What began as a stop in Springfield as the Cup traveled to Blues minor league teams in Tulsa and San Antonio, quickly took on a life of its own. The planning began with seven members, and by the time the Cup arrived, it was up to 30.
“I don’t know if they had expected the elaborate celebration we ended up putting together,” Melton said. “I asked (Springfield) Mayor (Ken) McClure if he could make it St. Louis Blues Day in Springfield, and he said yes immediately.”
The Cup was flown in from St. Louis at around 11 a.m. From there it was transported to Bass Pro Shops for a private viewing. It was moved to a public viewing area at 3:30 p.m. in front of a crowd of more than 3,000 chanting “Let’s Go Blues.”
It was then moved to Jordan Valley Ice Park, home of the Ice Bears.

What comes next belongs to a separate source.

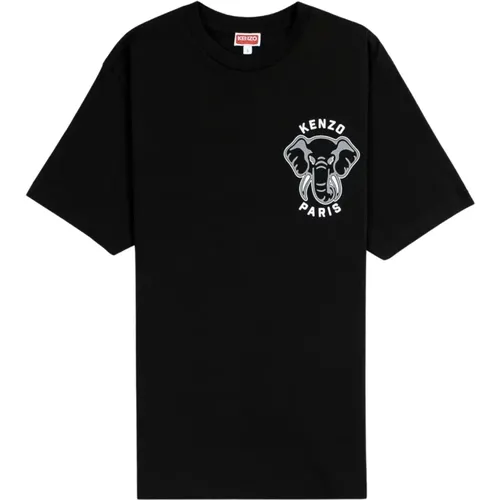 Schwarzes Logo T-Shirt , Herren, Größe: L - Kenzo - Modalova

The Ice Bears and several youth hockey teams took photos with the Cup.
“The Stanley Cup was something you always dream of winning as a kid,” Ice Bears head coach Jeremy Law said. “This is not as good as winning it, but being here is real cool.”
After a public viewing, the Cup was taken to Falstaff’s Local, a downtown bar that is considered one of the main hockey bars in Springfield.

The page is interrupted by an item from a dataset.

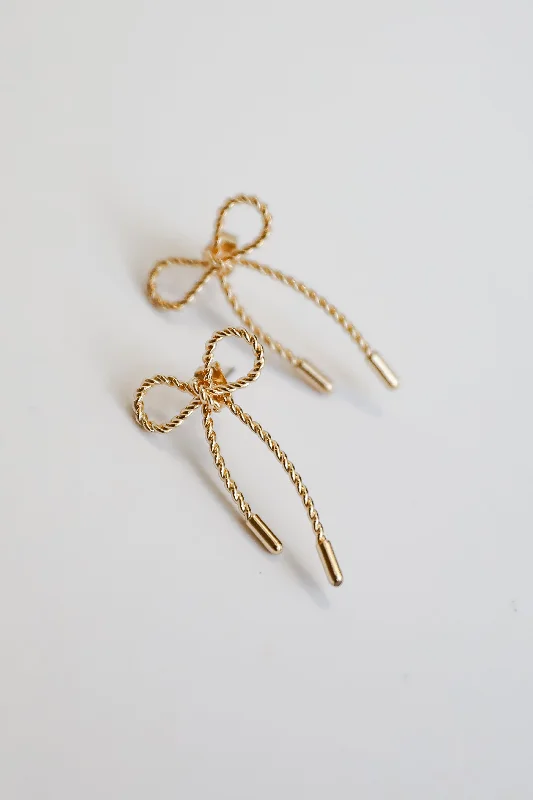 Simple women's earrings -Alissa Gold Twisted Bow Earrings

Dave Otto, who is responsible for organizing the Blues’ travels with the Cup, said the team did not expect the day to be this big.
“This is phenomenal — we’re really looking forward to it,” Otto said after the Cup got off of the plane.
The Blues brought several members of their front office to Springfield, including co-owner Stillman. Several former Blues made appearances as well, highlighted by Bobby Plager — an original member of the Blues in 1967.
For some Blues fans around Springfield, the day capped off their experience with the Blues’ championship run.
“I’m not ashamed to say it, I cried pretty hard when they won it,” Ice Bears assistant coach and lifelong Blues fan Brendan McClew said after he took a photo with the Cup. “This has been unreal — I don’t even remember getting my photo taken.”
Law said the day showed how hockey is growing in Springfield. He said the Blues winning the Cup — combined with the Cup coming to Springfield — has helped the sport and the Ice Bears.
“Our first weekend for the team was sold out,” Law said. “I think there is a lot more hockey fans in Springfield now. I’ve met people who didn’t even know there was a rink in Springfield.”
Springfield may have to wait awhile before the next time the Cup makes another visit, but Melton said he was glad to be here when it did.
“I’m hoping this is more than a once-in-a-lifetime event,” Melton said. “I am so thrilled that this happened in my lifetime and I got to experience it.”